Portland's goaltender had made 32 saves in posting his third career shutout and the Hawks' first in the postseason in five years - heady stuff for a youngster in his first full season as a regular.
But a hockey goalie is much like a baseball pitcher or a football quarterback - the center of attention, win or lose. Carruth, who has been on both ends of the teeter-totter, knows a calm disposition is the goalie's greatest ally.
'You're the hero or the zero,' said Carruth, who turned 19 on Friday. 'It's like Tom Brady out there. You just have to stay even-keel.'
As a 17-year-old rookie last season, Carruth wasn't the best at that, and at times it got the best of him on the ice.
'Got a little bit of temper on me,' he said. 'I'm pretty hard on myself as well. I'd like to work on that a bit more. Just try to stay in the moment.'
Carruth has been better at it this season, according to his coach.

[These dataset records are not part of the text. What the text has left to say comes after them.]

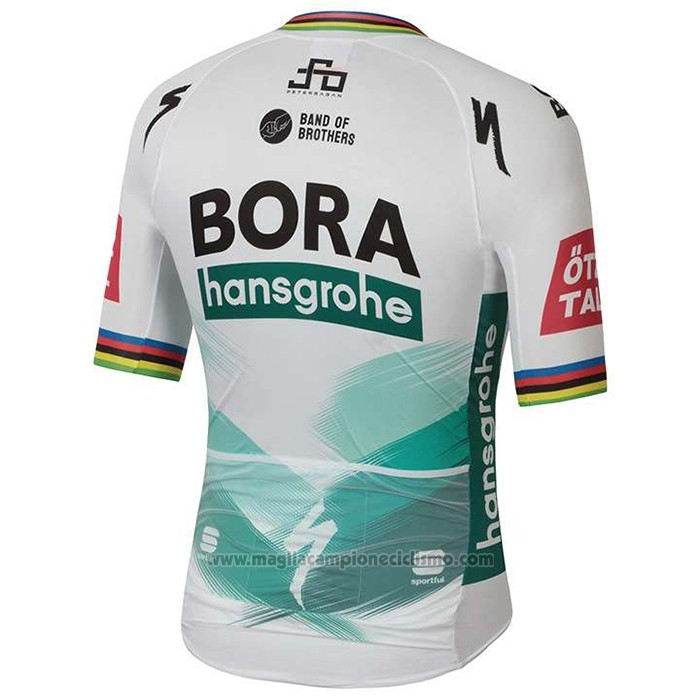 2020 Abbigliamento Ciclismo UCI Mondo Campione Bora Bianco Verde Manica Corta e Salopette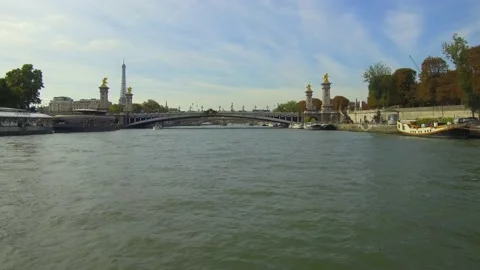Pont Alexandre III and the Eiffel Tower in Paris Stock Footage 166966746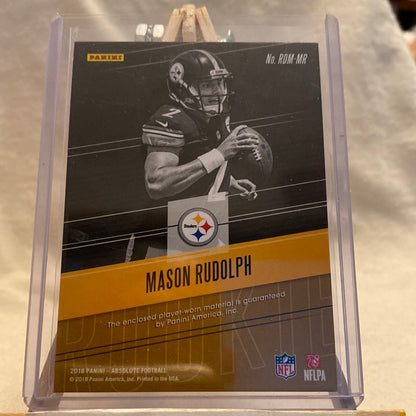 MASON RUDOLPH 2018 Panini Absolute ROOKIE RC DUAL MEMORABILIA JERSEY STEELERS Trading Card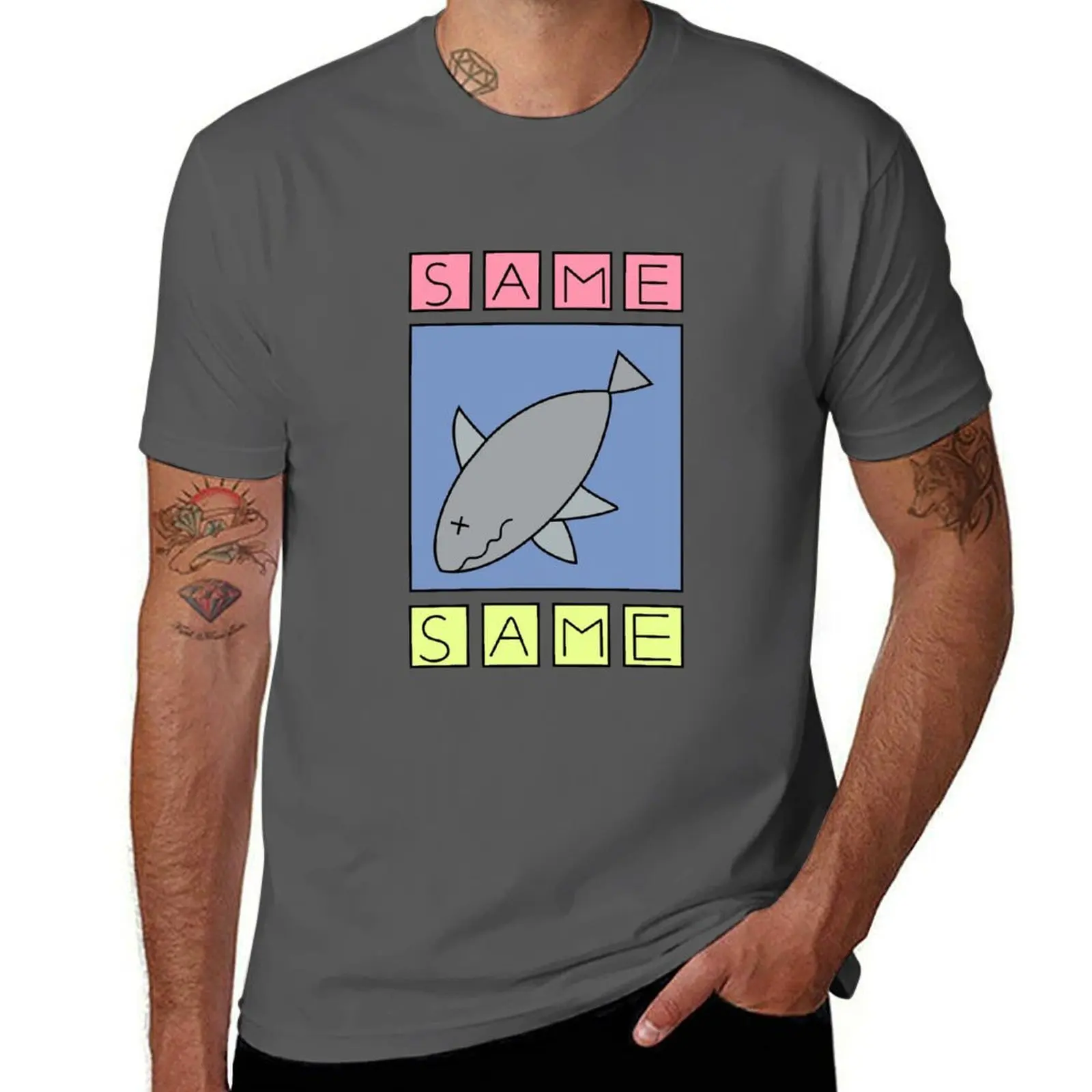

nichijou - same (shark) T-Shirt man t shirts for men casual t shirts for man cotton soft cotton tshirt 100% T-Shirt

'Mac is an emotional, competitive guy,' Mike Johnston said. 'You respect that in him. Last year, he was a little more emotional. This year, he has come down to a controllable level. It's fine now.'
The Hawks swarmed Everett like a tsunamai in the first period Saturday night, scoring three goals in the first eight minutes and outshooting the Silvertips 19-3 in the period. Carruth could have been pardoned for taking a bit of a siesta the first 20 minutes.

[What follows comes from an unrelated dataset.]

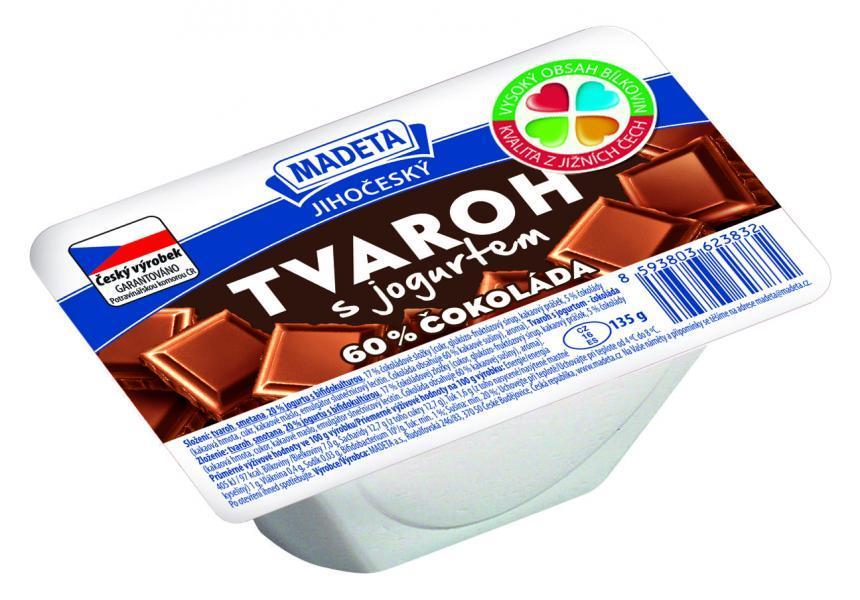 Fotografie - Jihočeský tvaroh s jogurtom 60% čokoláda Madeta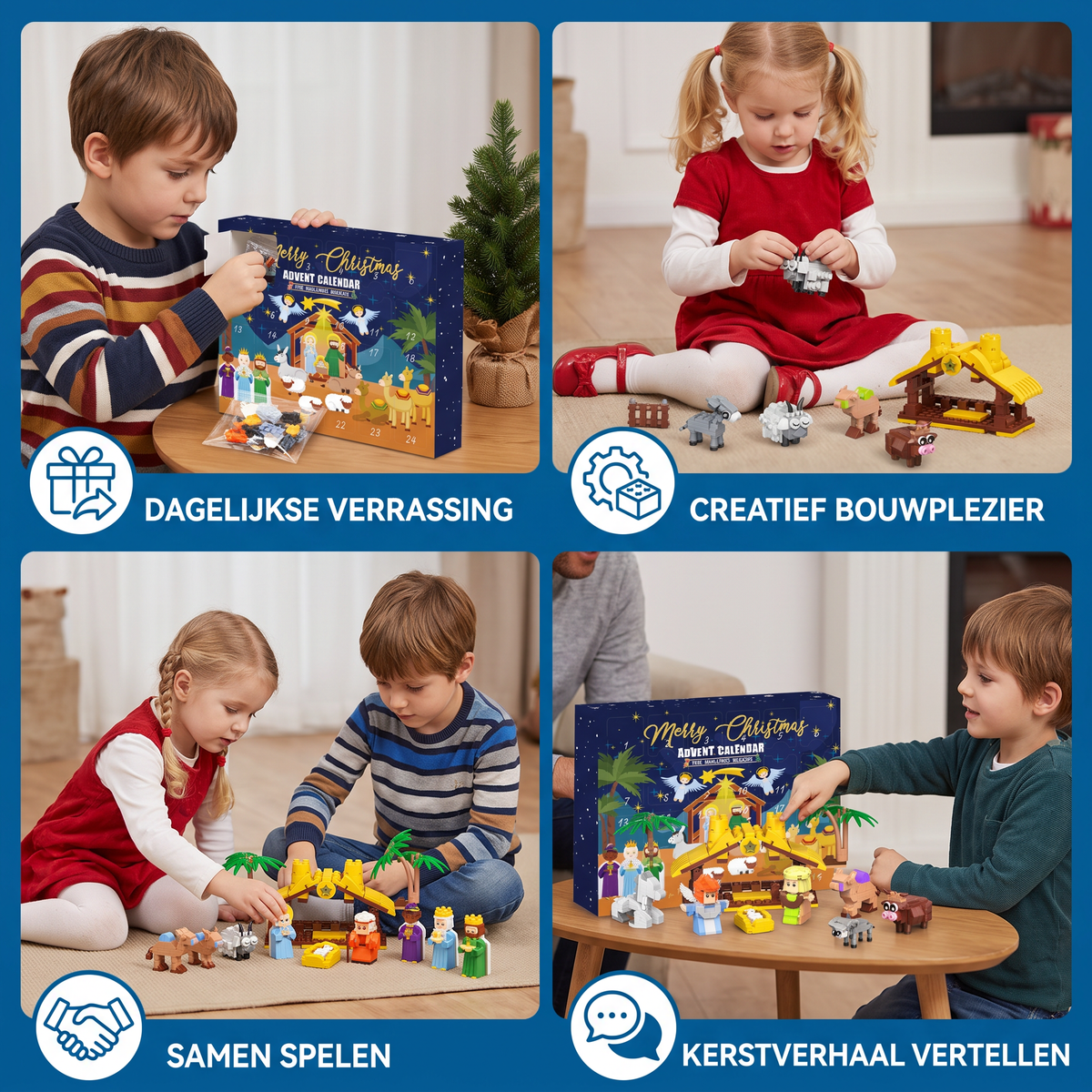 Kerststal-Bouwstenen-Adventskalender voor Kinderen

'It's sometimes hard for a goaltender not to face many shots in the first period,' Johnston allowed. 'You like for him to get into a rhythm almost. From a team perspective, you're happy with how we played defensively. From Mac's point of view, I'm sure he'd have liked to have had a few more shots to handle to get a feel for the game.'
The visitors got it together midway through the second period and put some pressure on Carruth. He never cracked, stopping 29 shots the final two periods.
'When we needed him tonight, he was really good,' Johnston said. 'In the second period, there were a lot of loose pucks, a lot of scrambles around the net. He looked very comfortable in there.'
Carruth didn't appear rusty, even after playing only one game in the past three weeks. First there was a concussion that took him out of the lineup. He returned, only to strain a hamstring after one game back. He played last Friday against Everett, then was rested to prepare for the postseason.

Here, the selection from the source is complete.